Problem details: Write out each line below precisely, passing over the pictures.

Available data:
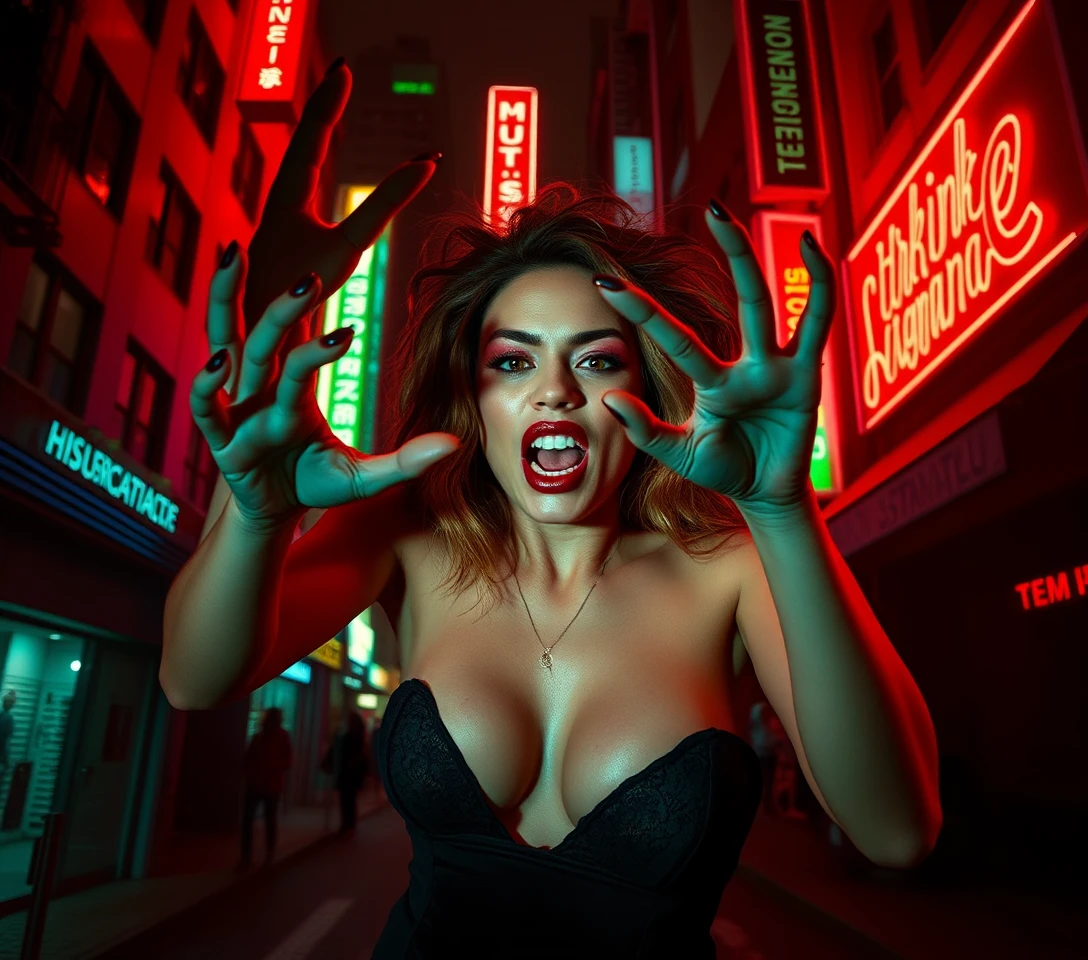 Ethereal woman in neon nightmare city of grasping shadows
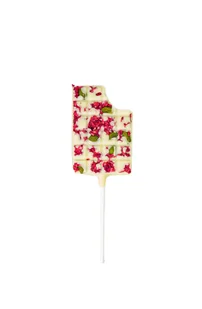Lizak tabliczka z białej czekolady z malinami i pistacjami - Gumy do żucia, lizaki, dropsy - miniaturka - grafika 1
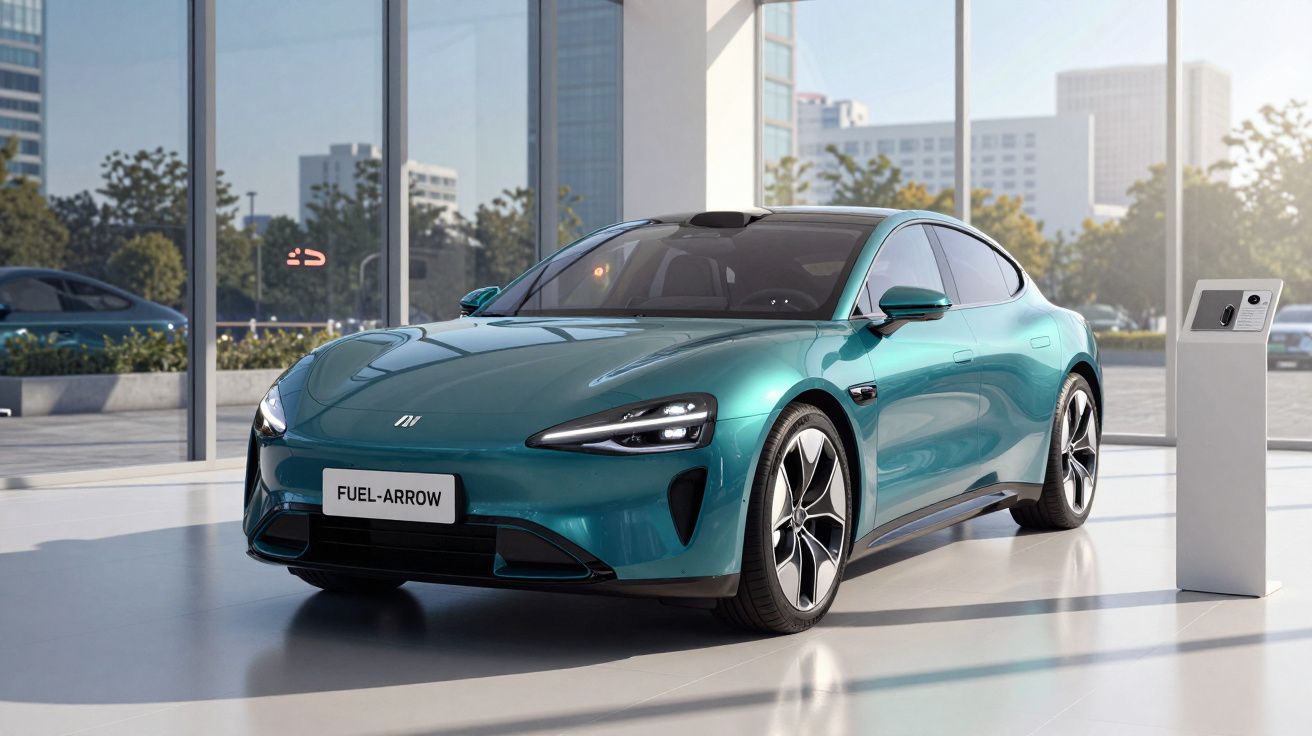 Carro elétrico azul-metalizado Fuel-Arrow em showroom moderno com grande janela e pedestal de controlo.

Solved problem:
 Ethereal woman in neon nightmare city of grasping shadows
Lizak tabliczka z białej czekolady z malinami i pistacjami - Gumy do żucia, lizaki, dropsy - miniaturka - grafika 1
 Carro elétrico azul-metalizado Fuel-Arrow em showroom moderno com grande janela e pedestal de controlo.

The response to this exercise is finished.